Digital art and collectibles happen to be one of the earliest use cases for NFTs, which have resonated widely with the public. This type of token has sparked interest in the crypto space, but I believe the rise of NFT projects like Bored Apes and NBA Top Shot has led the general public to underestimate the other utility that comes from deploying unique digital assets on a trusted settlement layer like the Ethereum blockchain.

Conceptually, NFTs can also be applied to many use cases beyond digital collectibles. If a product or service requires the ability to verify the ownership and scarcity of a specific digital asset, then NFTs on a public blockchain come into play.

For example, concert venues might use NFTs instead of tickets, or video game designers could turn hard-to-obtain assets in games into NFTs, allowing users to transfer or trade them.
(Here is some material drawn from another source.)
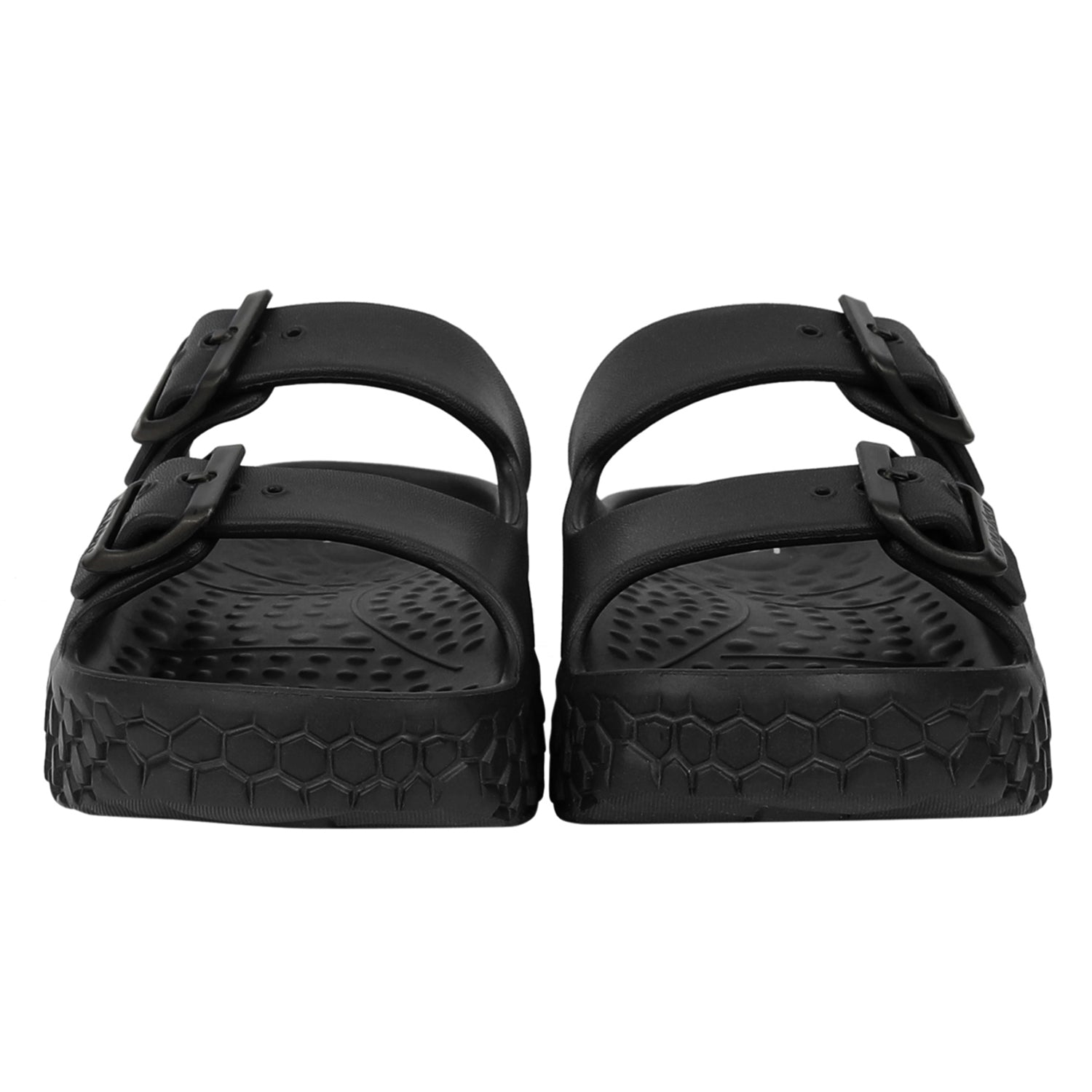 Doubleu Women Casual Flip Flops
This concept can also take on new forms: some assets can be both fungible and non-fungible, depending on the set they are compared to. For instance, if I own a 19th-century $1 old coin and place it as a collectible in a glass jar. Clearly, this $1 (non-fungible!) is entirely different from a crumpled-up new dollar bill stuffed in my pocket.

However, if I take the $1 from the glass jar to Starbucks, they (might) be willing to accept it. This is because, to some extent, it is interchangeable with other $1 bills, even though from another perspective, they are entirely different.

Source: Graphical Guide to Understanding Uniswap

Ethereum 201 - Further Insights

In this section, I will explain why gas costs are high, how composability works, and how users interact with applications built on Ethereum.

Gas - Every interaction with the Ethereum blockchain incurs a cost (gas), which depends on how much computational power the Ethereum Virtual Machine consumes to run that specific code.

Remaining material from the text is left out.